Design of Experiments (DoE) orchestrator. Manages the lifecycle of multi-treatment experiments where each setup treatment triggers a full standup, run, and teardown cycle.
Experiment files define two sections:
experiment:
name: my-experiment # Optional; defaults to filename
harness: inference-perf # Optional; overrides scenario harness
profile: my_profile.yaml # Optional; overrides scenario profile
setup:
constants: # Merged into every setup treatment
model.maxModelLen: 4096
treatments:
- name: tp2
decode.parallelism.tensor: 2
- name: tp4
decode.parallelism.tensor: 4
treatments: # Or "run:" -- workload treatments
- name: low-load
rate: 10
- name: high-load
rate: 100Each setup treatment provides config overrides that are deep-merged into the base scenario before plan rendering. Overrides use dotted keys (e.g. decode.parallelism.tensor: 4) which are converted to nested dicts via dotted_to_nested(). Constants from setup.constants are merged first, then treatment-specific values override them.
Each setup treatment triggers a complete standup to run to teardown cycle.
Run treatments (under treatments or run) are consumed by the run phase's profile renderer (step 04). Multiple run treatments execute against a single stood-up stack.
The total experiment matrix is setup_treatments x run_treatments. For example, 3 setup treatments and 4 run treatments produce 12 total runs.
The setup section is optional. When absent, the experiment file behaves identically to the existing --experiments run-only flow -- a single standup runs all workload treatments.
experiment/
├── __init__.py -- Package docstring
├── parser.py -- ExperimentPlan parser
└── summary.py -- ExperimentSummary tracker
Parse an experiment YAML file into a structured ExperimentPlan. Raises FileNotFoundError if the file does not exist and ValueError if the content is not a YAML mapping.
Convert a flat dict with dotted keys to a nested dict. Raises ValueError on key conflicts (e.g. a.b: 1 alongside a.b.c: 2).
>>> dotted_to_nested({"a.b.c": 1, "a.b.d": 2, "x": 3})
{"a": {"b": {"c": 1, "d": 2}}, "x": 3}@dataclass
class SetupTreatment:
name: str # Treatment identifier
overrides: dict[str, Any] # Nested config overrides (post-conversion)
@dataclass
class ExperimentPlan:
name: str # Experiment name
harness: str | None # Harness override
profile: str | None # Profile override
setup_treatments: list[SetupTreatment] # Infrastructure treatments
run_treatments_count: int # Number of workload treatments
experiment_file: Path # Source file path
has_setup_phase: bool # True if setup section was present
@property
def total_matrix(self) -> int: # setup_count x run_countTracks per-treatment outcomes across the experiment lifecycle.
@dataclass
class ExperimentSummary:
experiment_name: str
total_setup_treatments: int
total_run_treatments: int
results: list[TreatmentResult]
start_time: float
def record_success(self, setup_treatment, run_completed, run_total, workspace_dir=None, duration=0.0): ...
def record_failure(self, setup_treatment, phase, error, run_completed=0, run_total=0, ...): ...

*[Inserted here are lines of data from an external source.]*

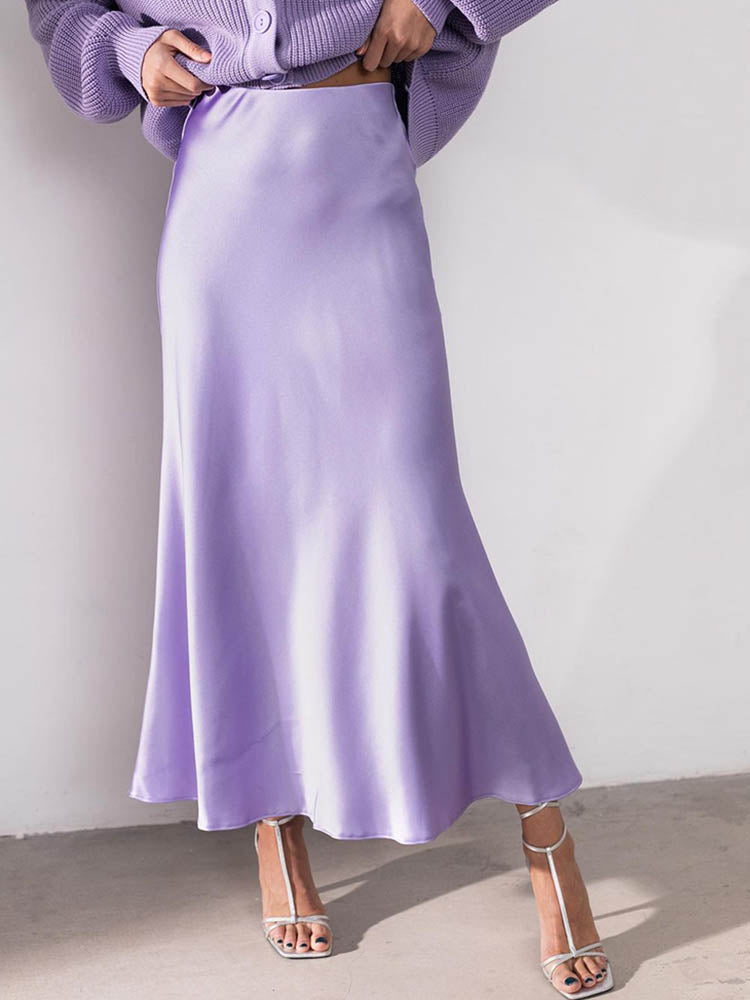 Silky A-Line Midi Skirt - High Waist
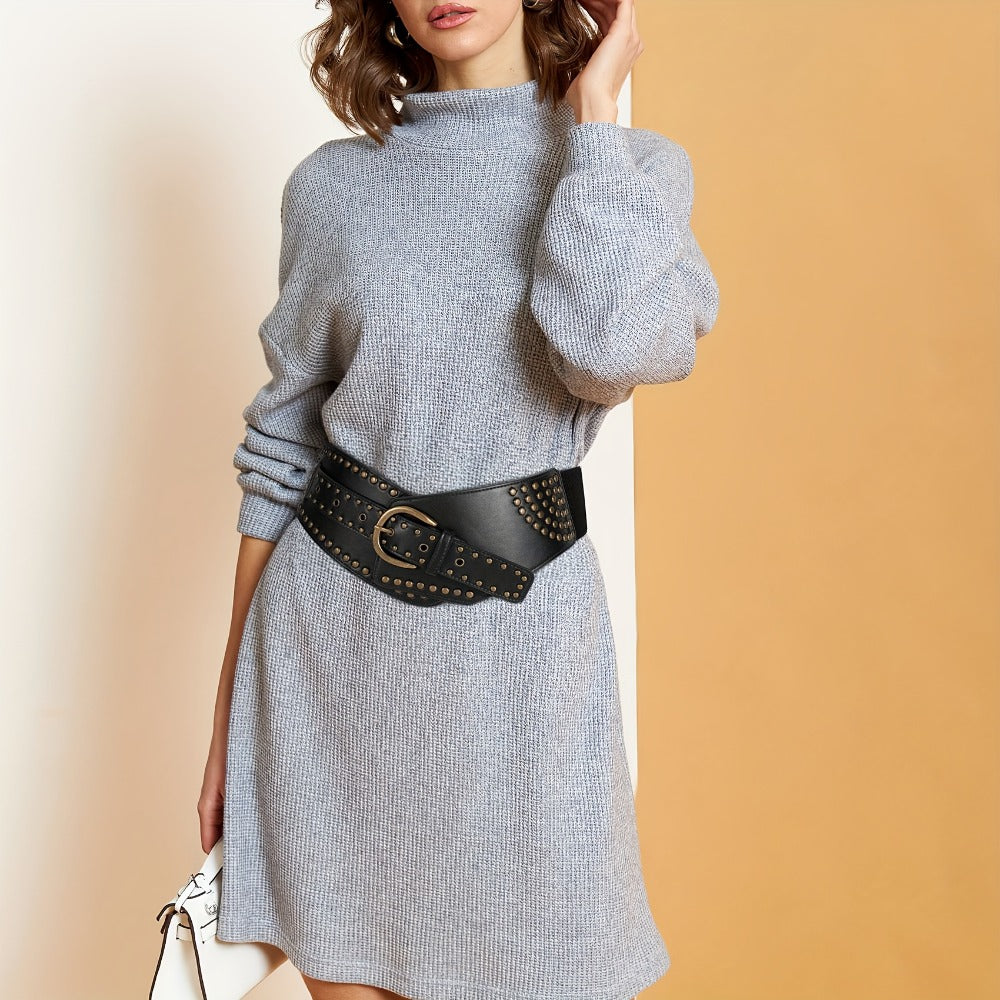 Women's Belt - Vintage Wide for - Elastic Waistband with Alloy Buckle, Retro Style Wide - product detail view 8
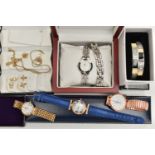 A BOX OF ASSORTED ITEMS, to include a boxed ladys 'Torcello quartz' wristwatch, a boxed ladys 'Via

def write(self, path: Path): ... # Write experiment-summary.yaml
def print_table(self, logger): ... # Print formatted summary table
def to_dict(self) -> dict: ... # Serialize for YAML output@dataclass
class TreatmentResult:
setup_treatment: str
status: str # "pending", "success", "failed_standup", "failed_run", "failed_teardown"
run_treatments_completed: int
run_treatments_total: int
error_message: str | None
workspace_dir: str | None
duration_seconds: floatThe experiment CLI command (defined in interface/experiment.py) orchestrates the lifecycle:
- Parse the experiment YAML via
parse_experiment(). - Create an
ExperimentSummarytracker. - For each setup treatment:
a. Render plans with the treatment's config overrides deep-merged into the base scenario.
b. Execute standup (all steps).
c. Execute run (all steps, with the experiment's run treatments).
d. Execute teardown (all steps, unless
--skip-teardownis set). e. Record success or failure in the summary. - Write
experiment-summary.yamland print the summary table.
If --stop-on-error is set, the experiment aborts on the first failed setup treatment. Default behavior continues to the next treatment.